#### WHAT YOU ARE ASKED TO DO
Find the line that contains "勢和斎場の駐車場写真です（2枚目）". Copy it and every line after it to the end of the material below, exactly, with no pictures.

────────────────────

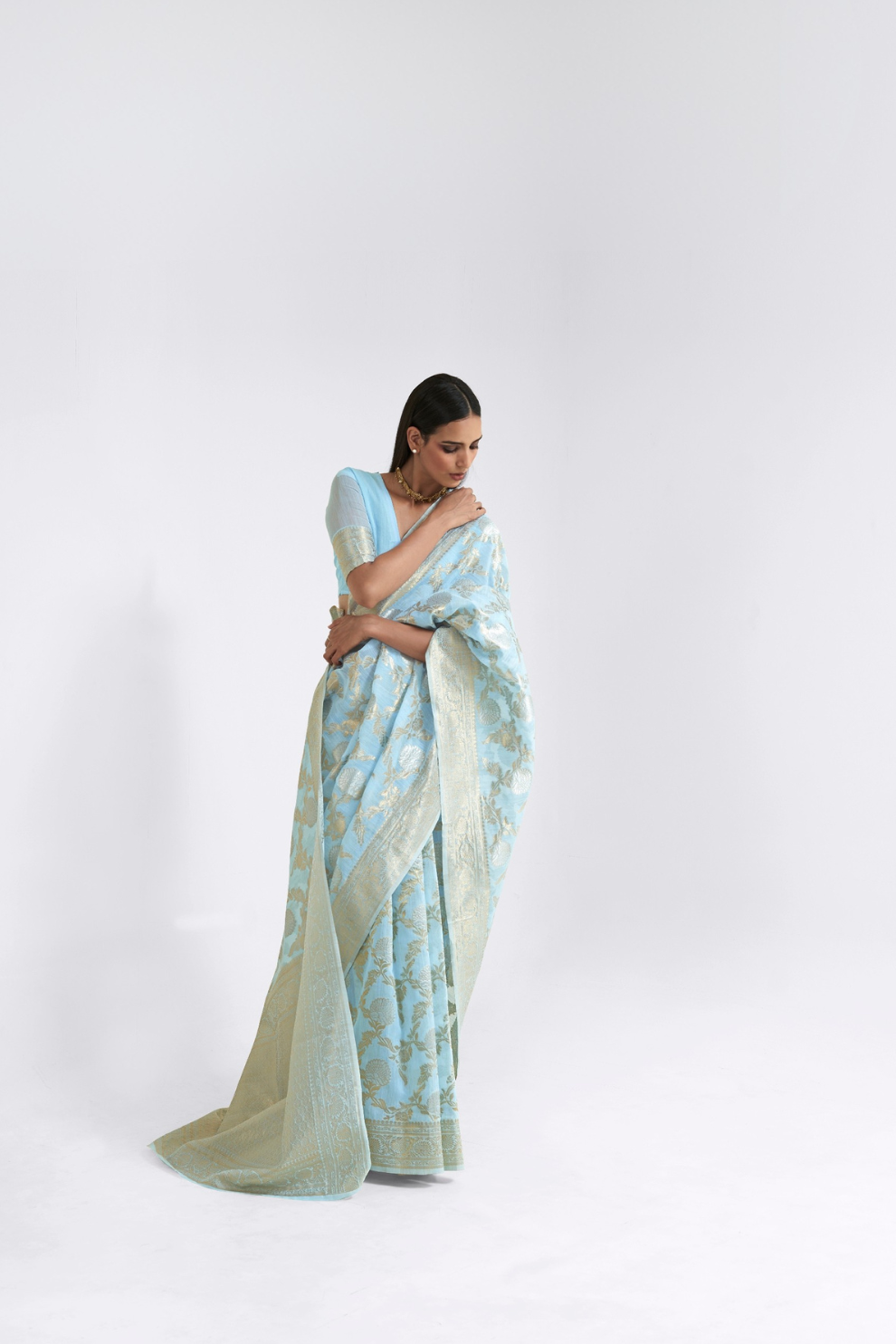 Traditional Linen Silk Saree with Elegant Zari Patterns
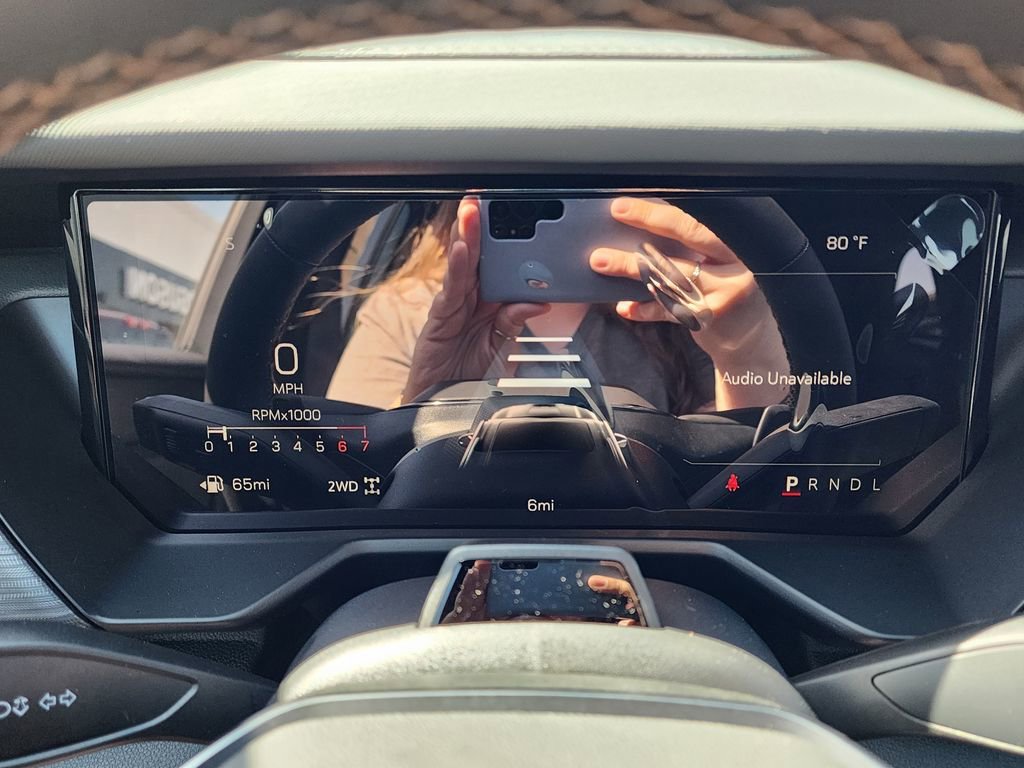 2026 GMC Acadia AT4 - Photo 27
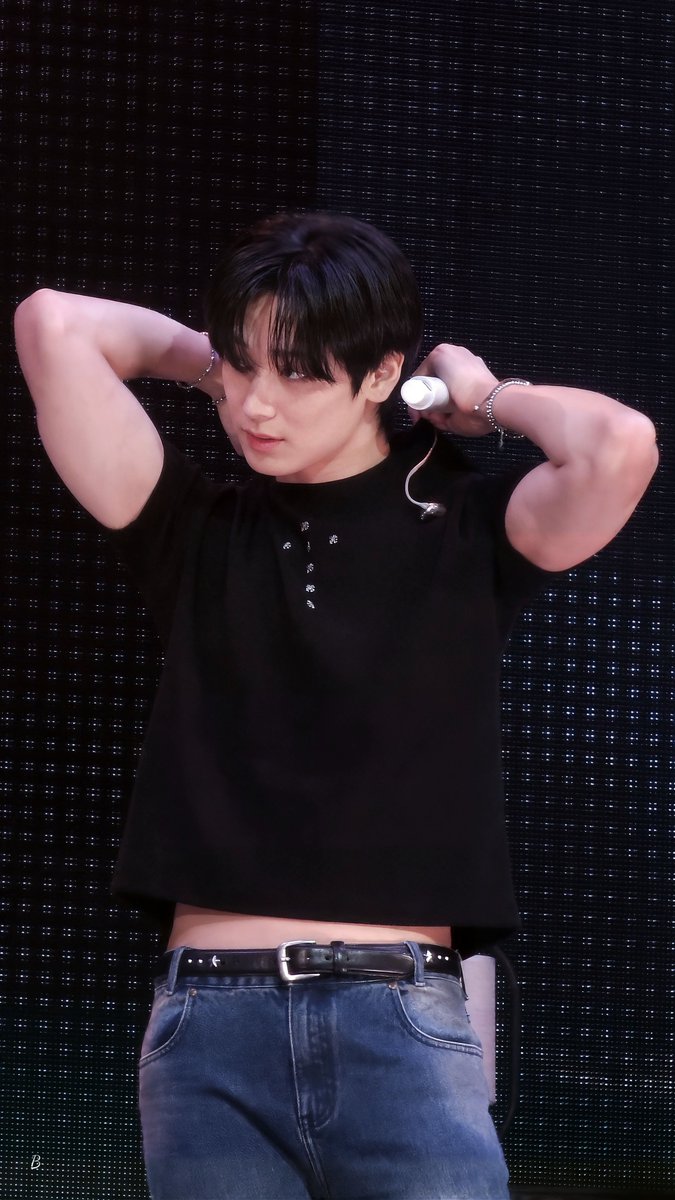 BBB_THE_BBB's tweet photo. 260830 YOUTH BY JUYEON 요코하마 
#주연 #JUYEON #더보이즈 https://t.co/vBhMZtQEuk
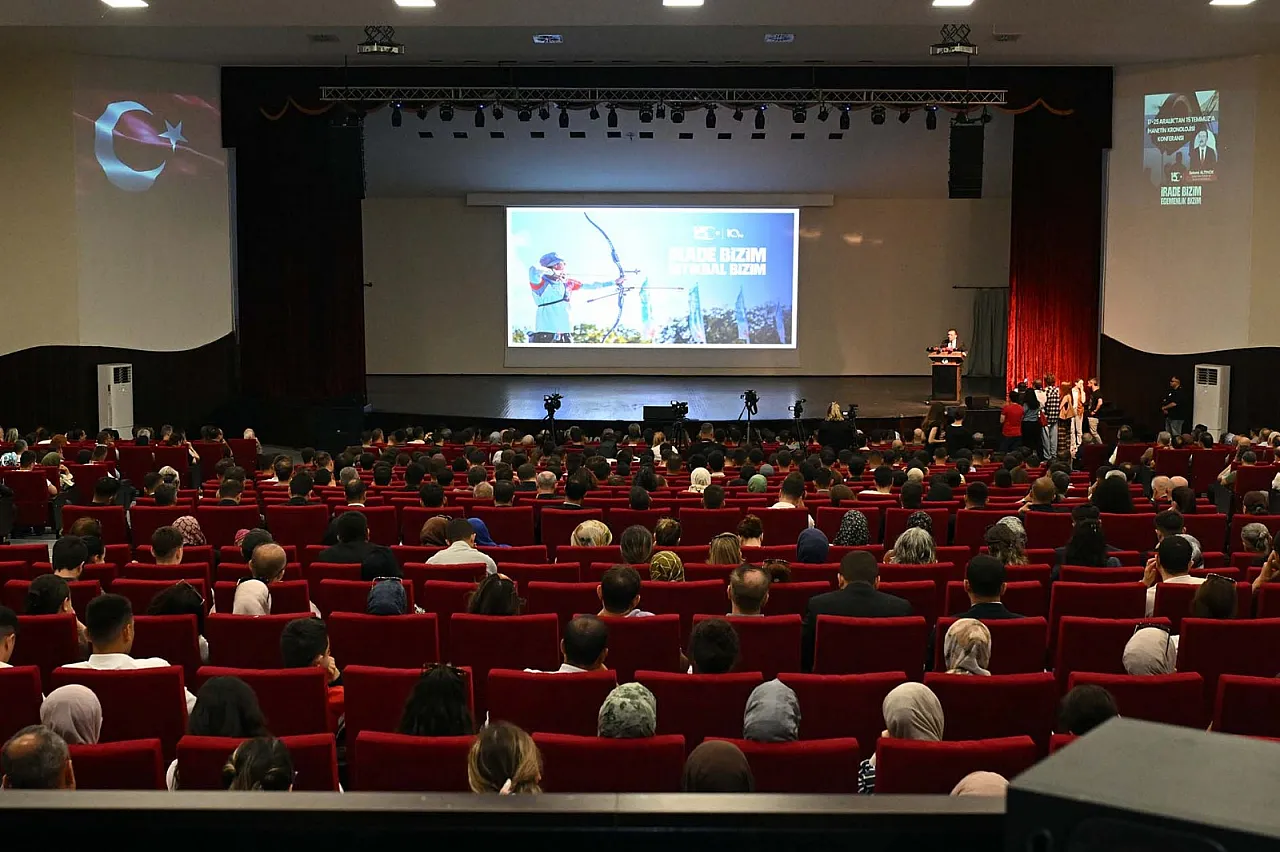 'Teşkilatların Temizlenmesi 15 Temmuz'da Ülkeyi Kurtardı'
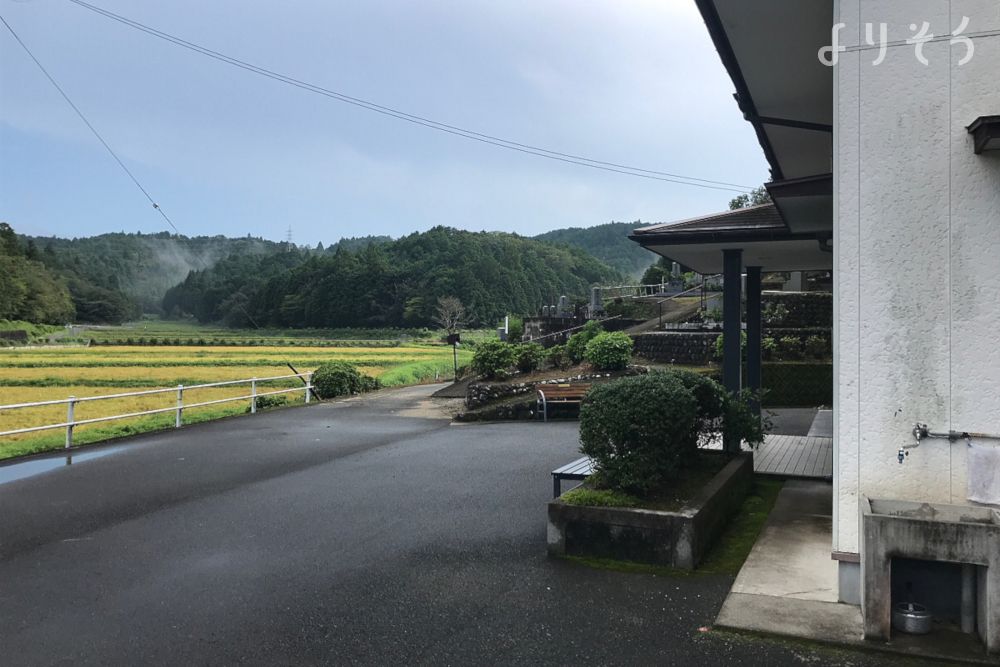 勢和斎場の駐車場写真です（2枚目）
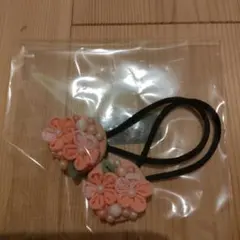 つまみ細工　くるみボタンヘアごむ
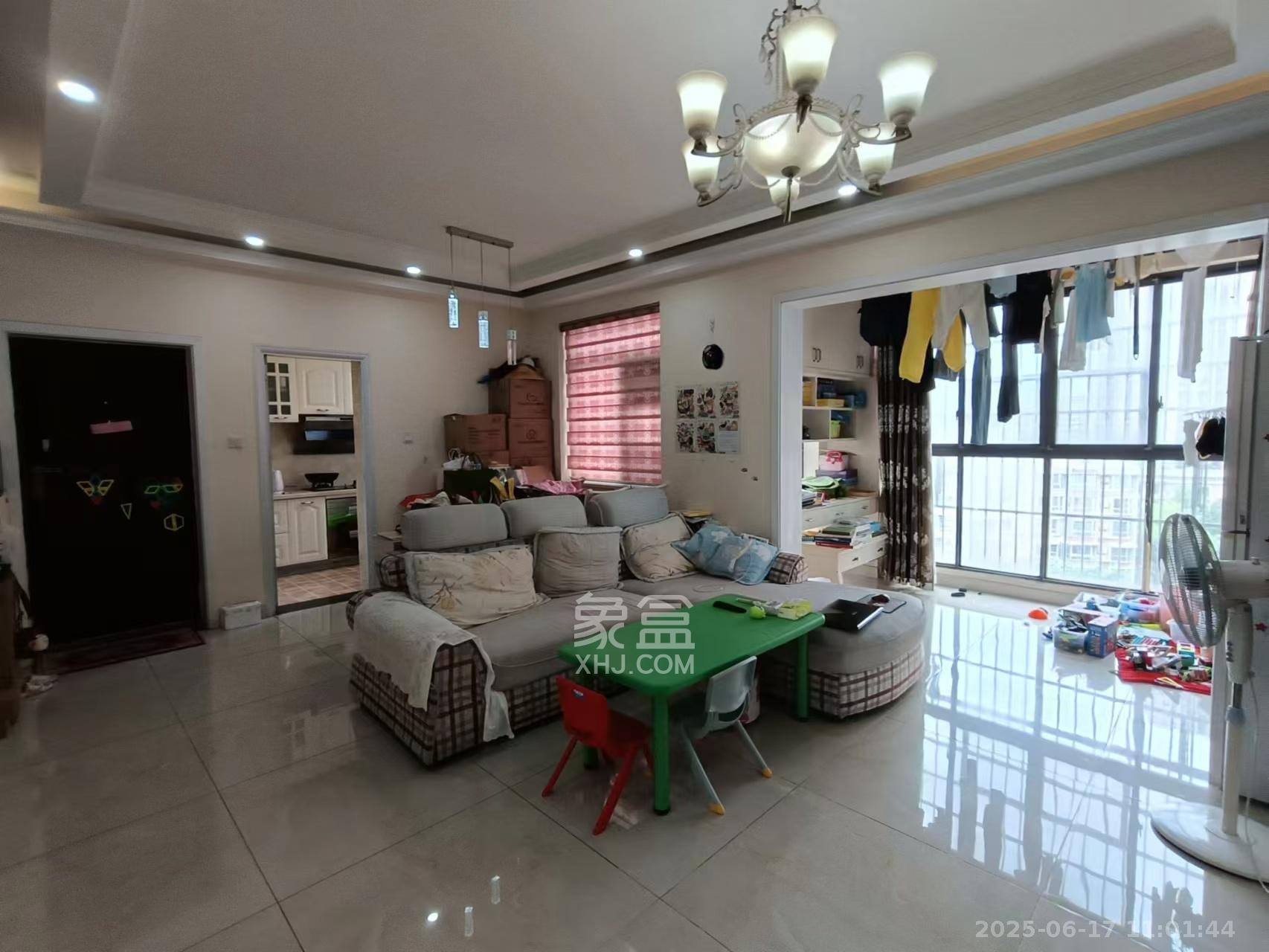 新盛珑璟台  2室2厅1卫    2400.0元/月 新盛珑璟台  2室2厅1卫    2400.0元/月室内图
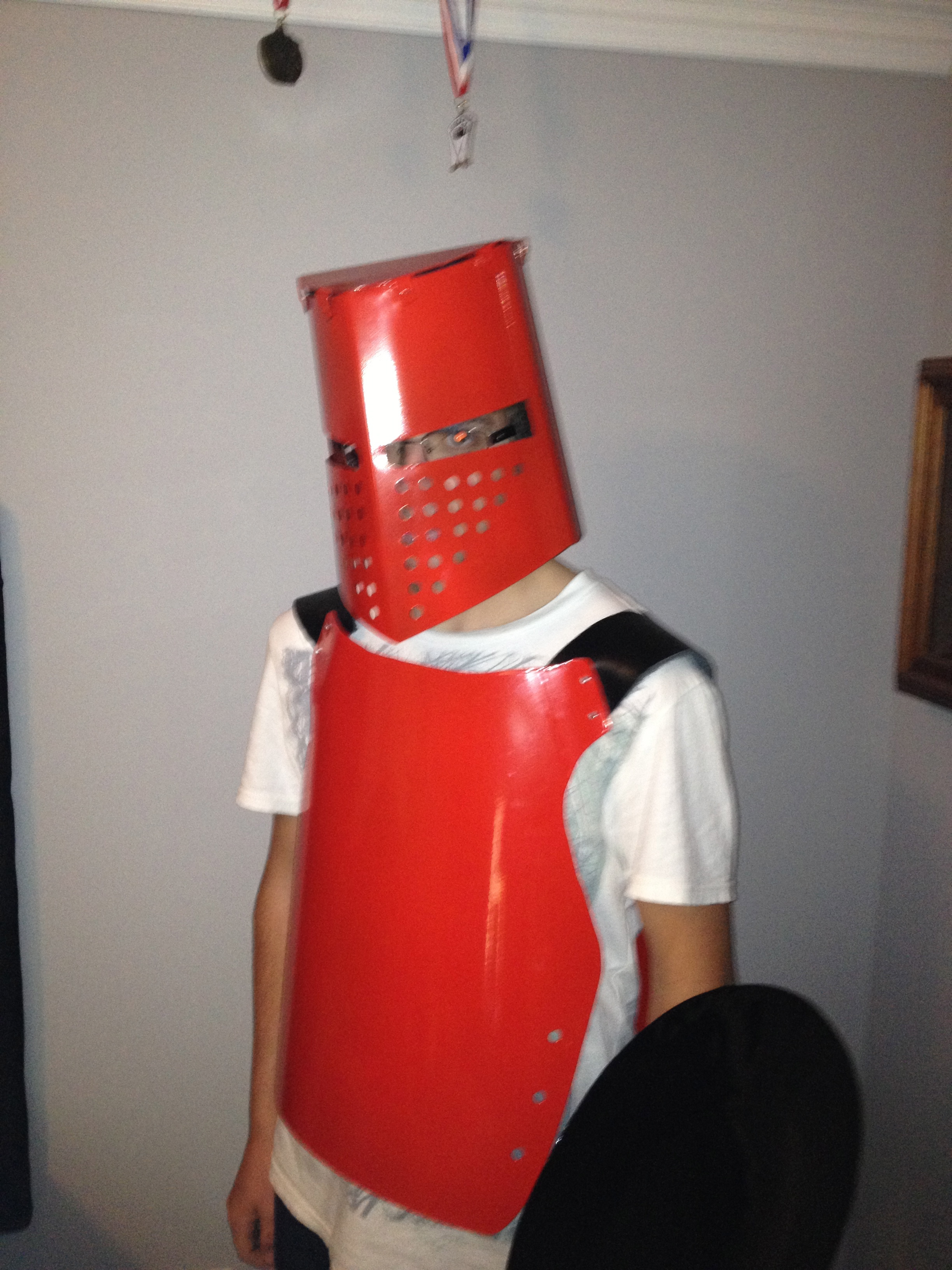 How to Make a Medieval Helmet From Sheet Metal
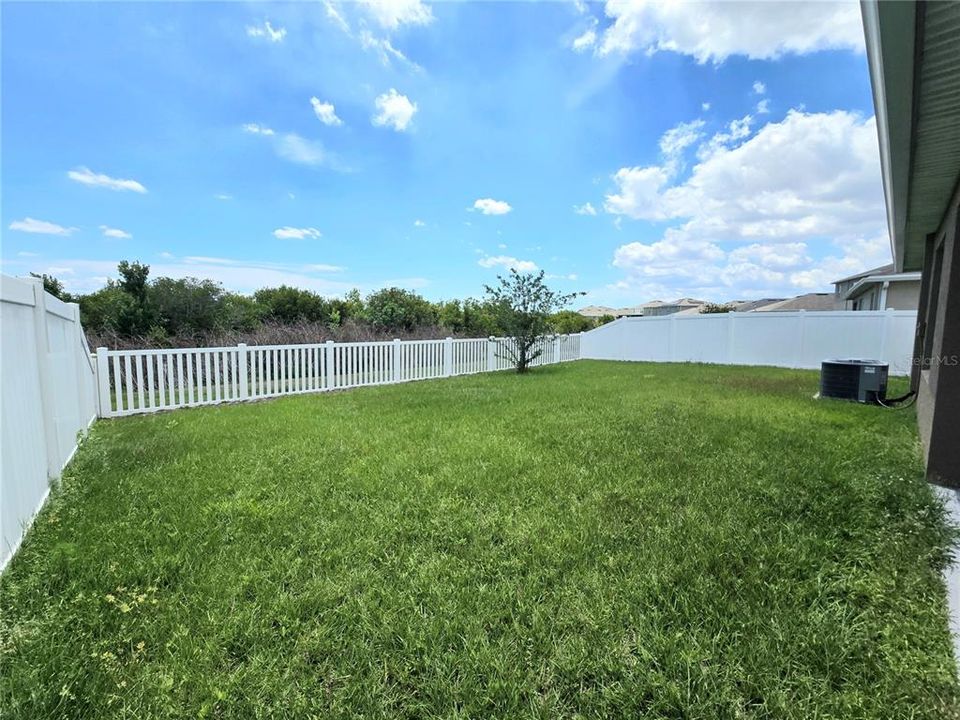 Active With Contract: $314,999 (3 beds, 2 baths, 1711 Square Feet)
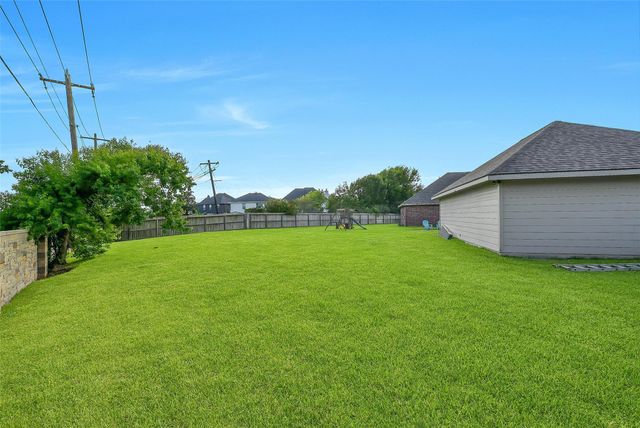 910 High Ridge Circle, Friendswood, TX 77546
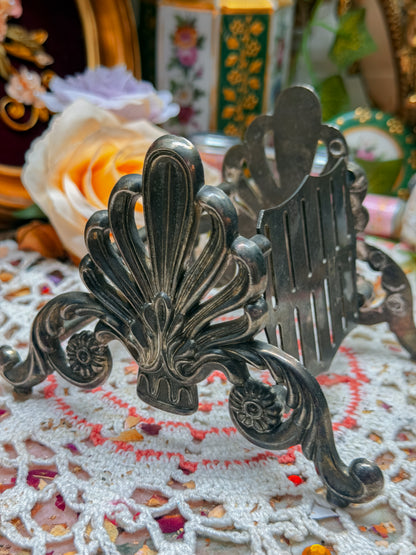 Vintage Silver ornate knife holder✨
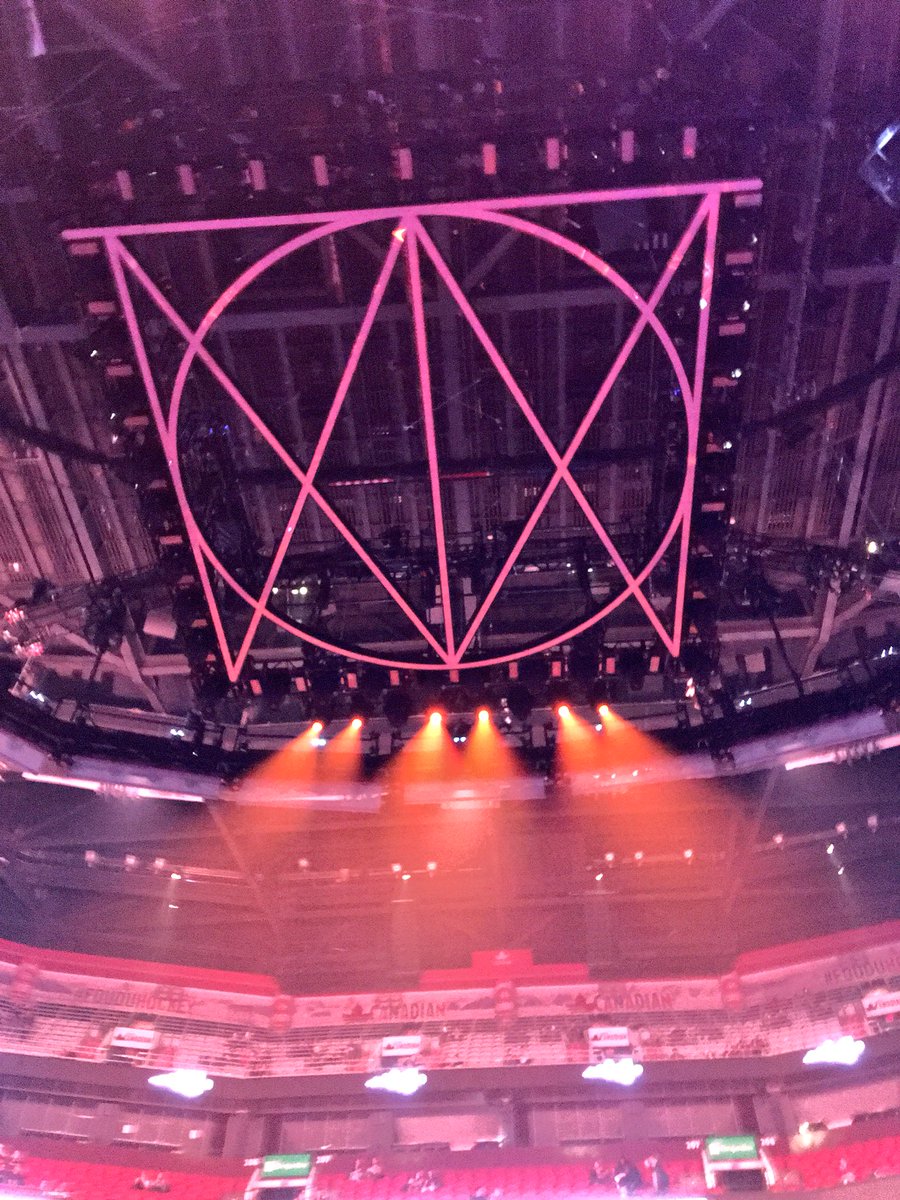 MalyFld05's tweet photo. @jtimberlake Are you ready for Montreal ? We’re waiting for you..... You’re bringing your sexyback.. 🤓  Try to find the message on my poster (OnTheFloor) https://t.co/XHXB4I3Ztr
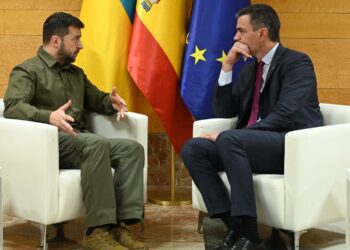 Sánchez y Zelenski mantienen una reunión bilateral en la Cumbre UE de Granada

────────────────────

#### EXPECTED ANSWER
 勢和斎場の駐車場写真です（2枚目）
 つまみ細工　くるみボタンヘアごむ
 新盛珑璟台  2室2厅1卫    2400.0元/月 新盛珑璟台  2室2厅1卫    2400.0元/月室内图
 How to Make a Medieval Helmet From Sheet Metal
 Active With Contract: $314,999 (3 beds, 2 baths, 1711 Square Feet)
 910 High Ridge Circle, Friendswood, TX 77546
 Vintage Silver ornate knife holder✨
 MalyFld05's tweet photo. @jtimberlake Are you ready for Montreal ? We’re waiting for you..... You’re bringing your sexyback.. 🤓  Try to find the message on my poster (OnTheFloor) https://t.co/XHXB4I3Ztr
 Sánchez y Zelenski mantienen una reunión bilateral en la Cumbre UE de Granada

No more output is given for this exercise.